I will start the on-wiki discussion shortly. A few more questions that came up:

  • will it be harder the change the rules on the fly, if they turn out to be imperfect? I understand changing the collation is difficult because one has to reindex the whole table, but I suppose changing the first letters would be simpler.
  • by the way, should we also check the collation itself? I have mostly collected input on the first letter grouping until now.
  • will it be possible to create custom groups? (e.g. someone suggested using a "Numbers" group, having separate groups for all digits looks a bit silly)
  • what is the logic for non-Hungarian characters? Accented latin characters seem to be ordered as if the accents were stripped, which is good, but it would be nice to see the rules spelled out somewhere.

(In reply to comment #12)

  • will it be harder the change the rules on the fly, if they turn out to

be imperfect? I understand changing the collation is difficult because
one has to reindex the whole table, but I suppose changing the first
letters would be simpler.

Real changes to the collation will require running the update script again,
which might take a couple of hours for hu.wiki (according to Reedy's
testing, it took about 20 hours for the 3.2 million pages on pl.wikipedia).
Category sorting might be slightly borked during this time, and all category
pages will have to be purged afterwards (action=purge or just wait till the
caches expire).

Changing the first letters later won't break the collation, since it's
entirely handled by an external library (ICU); it'll require a purge to
appear on-wiki, though.

  • by the way, should we also check the collation itself? I have mostly

collected input on the first letter grouping until now.
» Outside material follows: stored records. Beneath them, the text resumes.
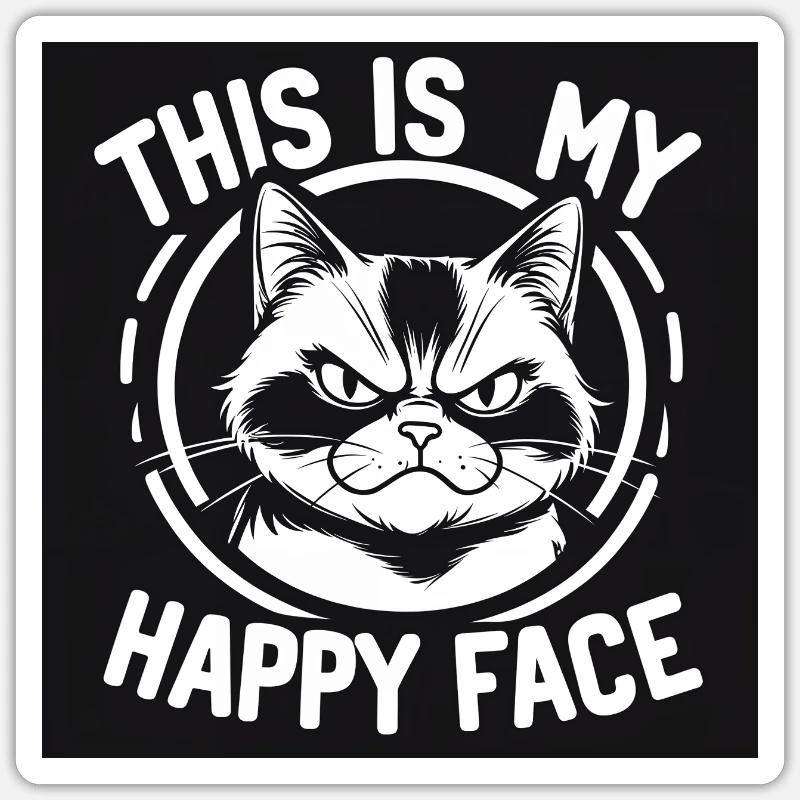 C’est mon visage heureux – Déclaration de chat Sticker taille S (10 x 10 cm)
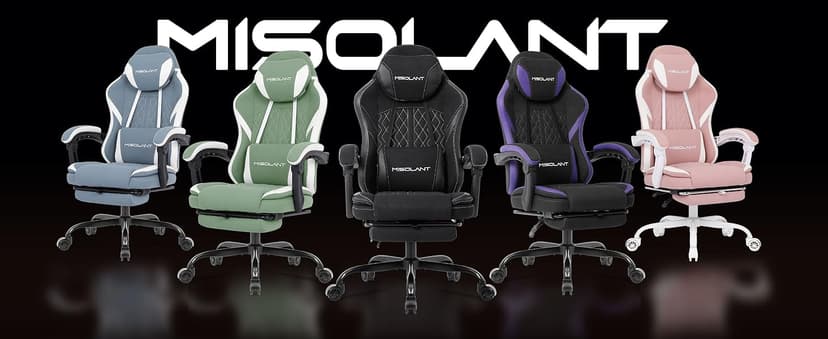 Misolant Gaming Chair, Fabric Gamer Chair with footrest for Adults, High Back Ergonomic Computer Game Chair with Adjustable Headrest and Massage Lumbar Support, 90-155° Recline Free, Green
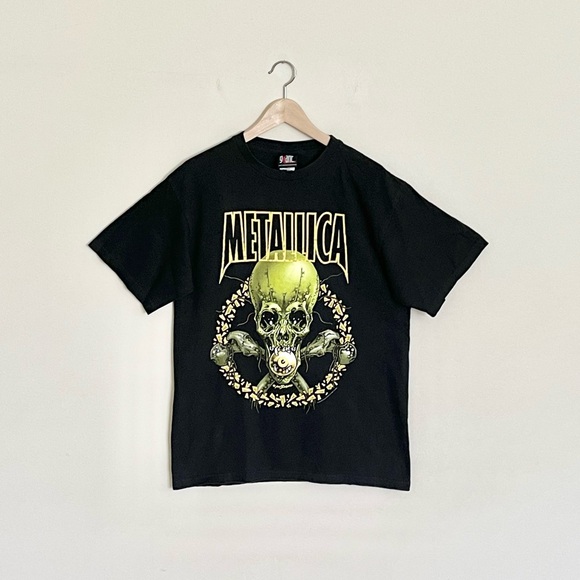RARE Vintage 2001 Metallica No Leaf Clover Pushead Skull Graphic T Shirt Adult L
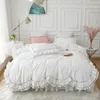 Set biancheria da letto in cotone 100% stile coreano doppio strato volant tinta unita principessa trapunta/copripiumino gonna letto federe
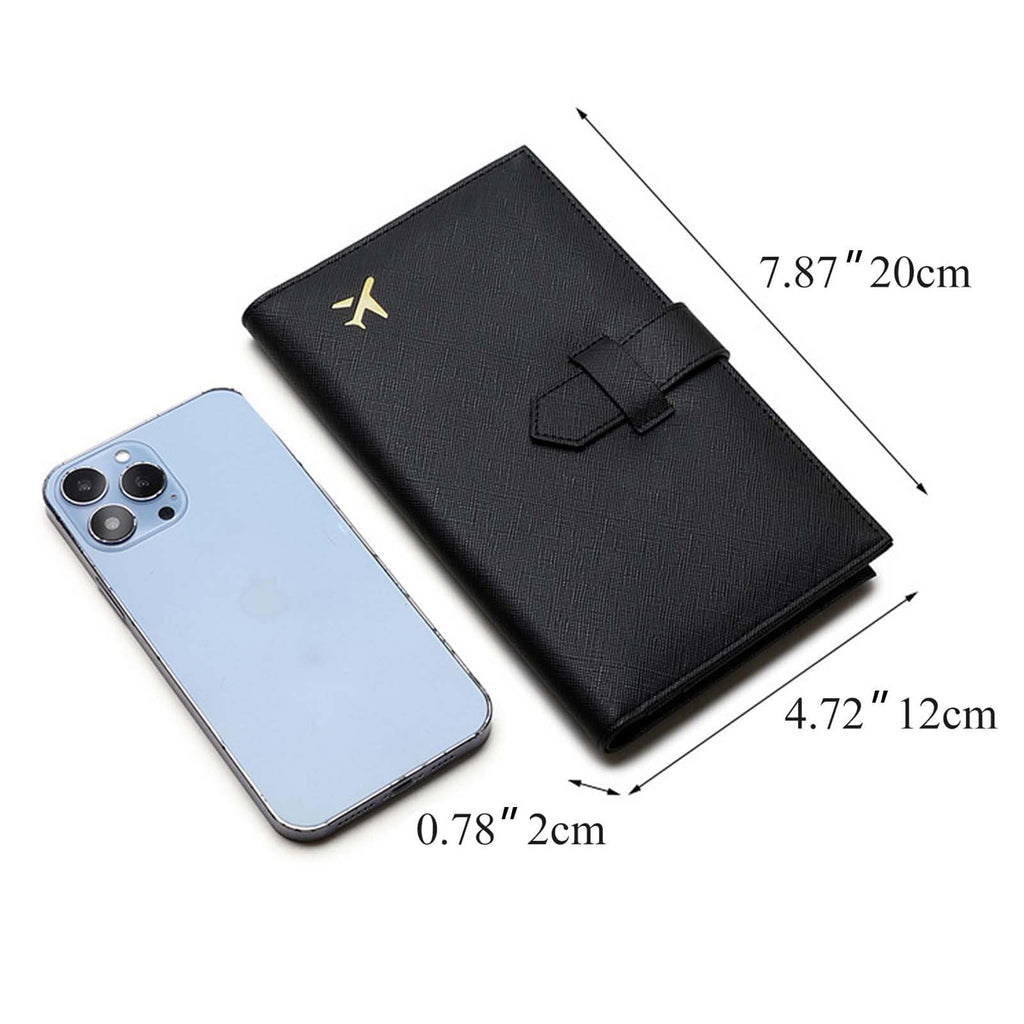 RFID Leather Family Passport & Travel Document Organizer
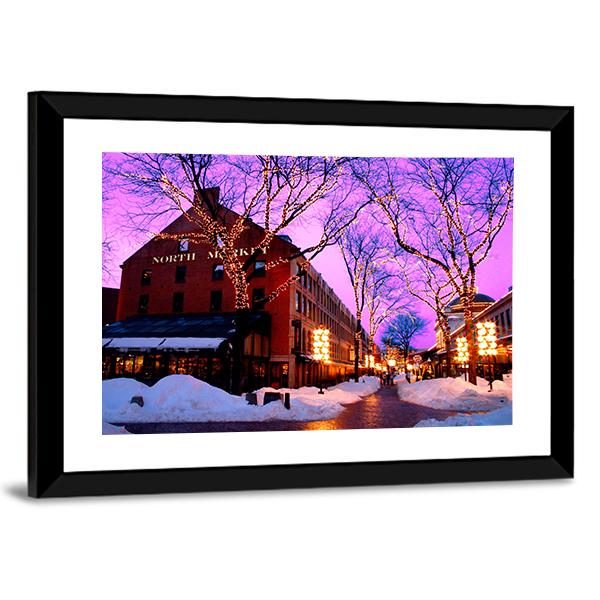 Faneuil Hall Marketplace Canvas Wall Art-3 Horizontal-Gallery Wrap-25" x 16"-Tiaracle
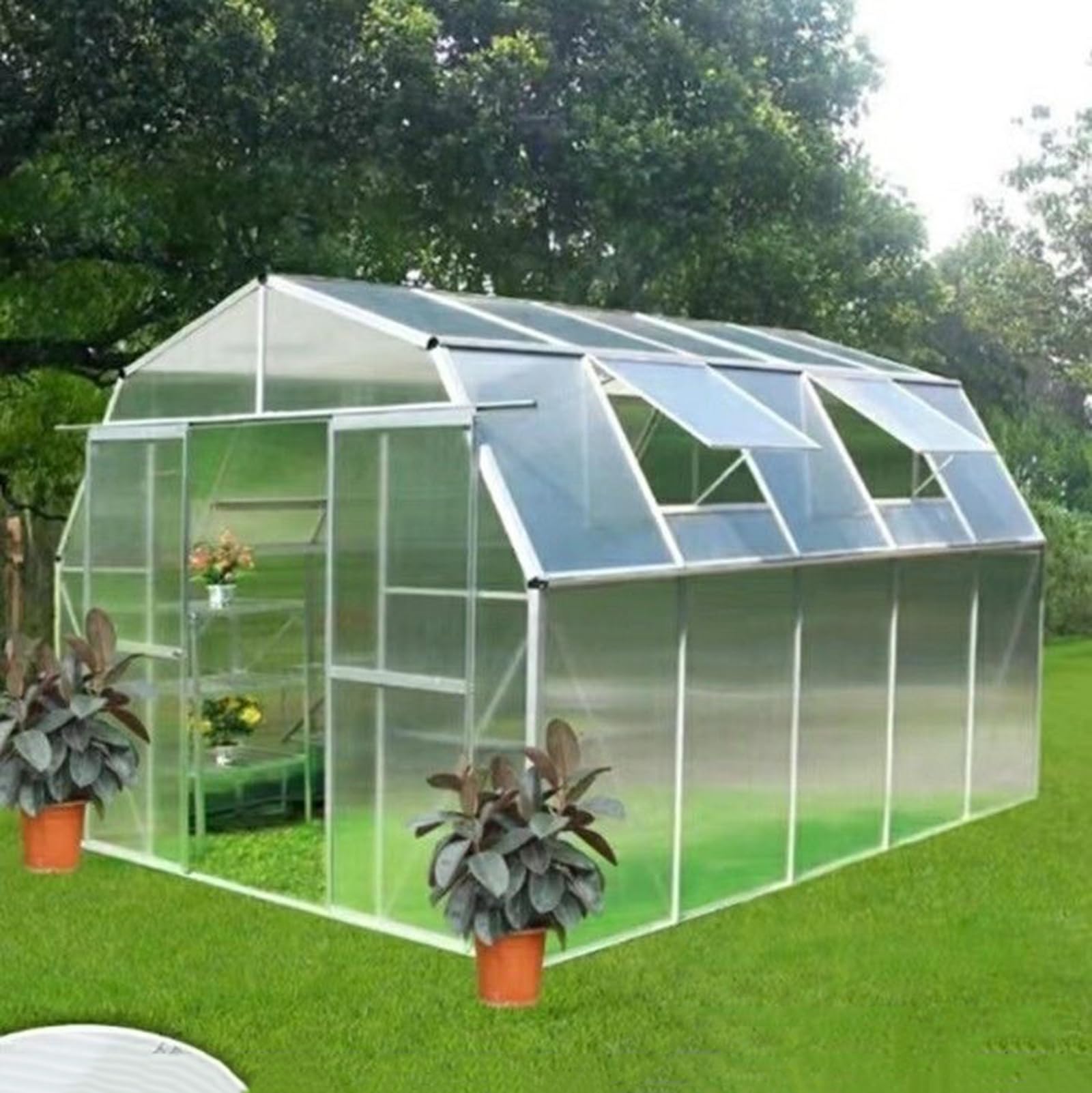 Planchas Transparentes de Policarbonato,Placas para Invernaderos,Paneles para Tejado,Impermeable,Marquesinas Exterior para Puertas Ventanas Jardín,con Tornillos,Personalizable (0.8x2m)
Please do, but I'm pretty much certain it's correct; it's handled by the ICU
library, which is a battle-tested and mature piece of software.

  • will it be possible to create custom groups? (e.g. someone suggested

using a "Numbers" group, having separate groups for all digits looks a
bit silly)

This isn't supported right now, but at a first glance possible; it would
likely depend on whether creating the group would require different sorting
order. However, IMO this particular change should be done for all projects
at once, if desired, and should wait for the natural number sorting to be
implemented first (bug 6948) and for multiple collation support (bug 44667;
the chinese-collation branch includes this).

  • what is the logic for non-Hungarian characters? Accented latin

characters seem to be ordered as if the accents were stripped, which is
good, but it would be nice to see the rules spelled out somewhere.

Yes, that's exactly what happens, and similarly for accented variants of
letters in other alphabets; I though I mentioned that somewhere, apologies.
The default sorting rules are the ones [[Unicode Collation Algorithm]] uses;
they are appropriately tailored for each language-specific collation.

The default "first-letters" list includes full basic latin, greek and
cyrillic alphabets and I think all printable ASCII characters, as well as a
lot of letters from other alphabets and a whole lot of Unicode symbols. It
is generated by MediaWiki based on the data about which letters have
primary-level weight in UCA, but I'm not sure what is the exact behavior;
you can see the generation script at
/maintenance/language/generateCollationData.php in mediawiki/core
repository, and the pregenerated list at /serialized/first-letters-root.ser.
I doubt that's relevant, though. :)

The upgrade to ICU 4.8 should be done before any more wikis start using uca-* collations.

The upgrade is done now. Submitted config change proposal as I0cfa3859.